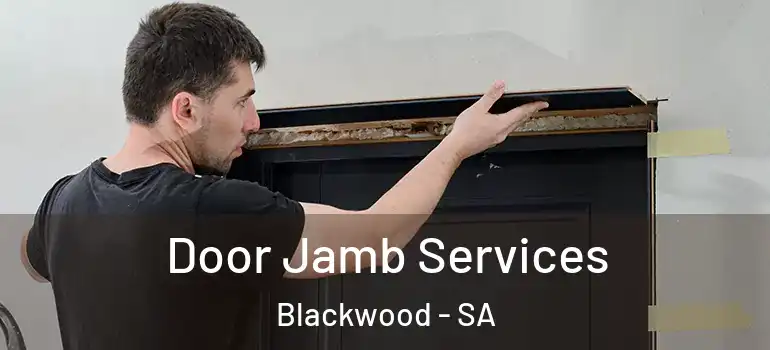Door Jamb Services Blackwood - SA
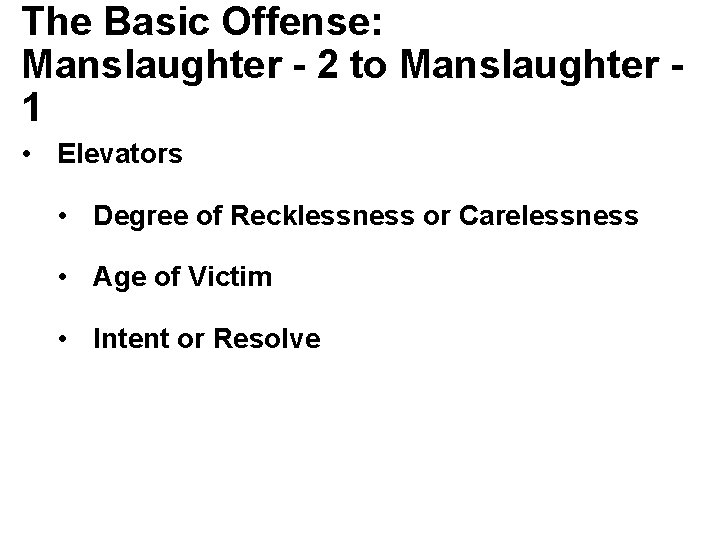 The Basic Offense: Manslaughter - 2 to Manslaughter 1 • Elevators • Degree of
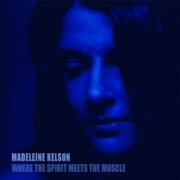 Madeleine Kelson - Where the Spirit Meets the Muscle EP (2024) Hi-Res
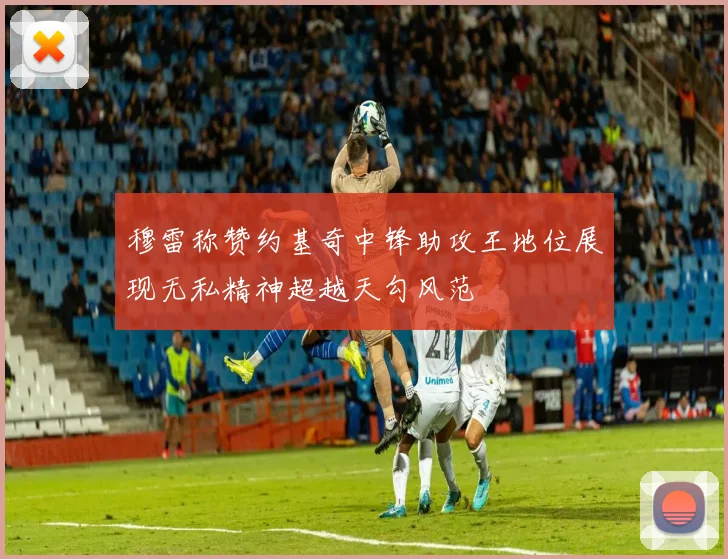 穆雷称赞约基奇中锋助攻王地位展现无私精神超越天勾风范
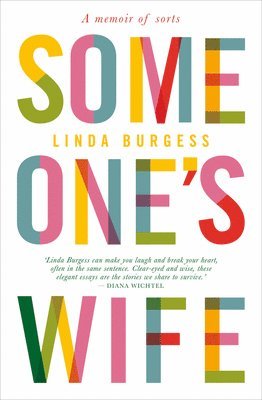 Linda Burgess - Someone's Wife: A Memoir of Sorts, Häftad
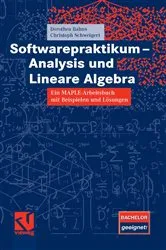 Book cover of Softwarepraktikum - Analysis und Lineare Algebra by Dorothea Bahns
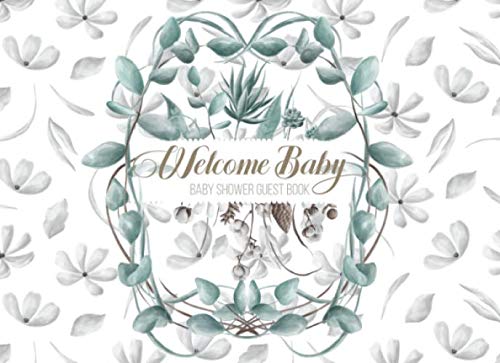Welcome Baby - Baby Shower Guest Book: Floral White Guestbook For Guest Sign In And Write Specials Messages To Baby & Parents by Sol Revolver Guest Books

^^^^

Give back the whole listing exactly as it stands. Drop every picture.

Door Jamb Services Blackwood - SA
 The Basic Offense: Manslaughter - 2 to Manslaughter 1 • Elevators • Degree of
 Madeleine Kelson - Where the Spirit Meets the Muscle EP (2024) Hi-Res
 穆雷称赞约基奇中锋助攻王地位展现无私精神超越天勾风范
 Linda Burgess - Someone's Wife: A Memoir of Sorts, Häftad
 Book cover of Softwarepraktikum - Analysis und Lineare Algebra by Dorothea Bahns
Welcome Baby - Baby Shower Guest Book: Floral White Guestbook For Guest Sign In And Write Specials Messages To Baby & Parents by Sol Revolver Guest Books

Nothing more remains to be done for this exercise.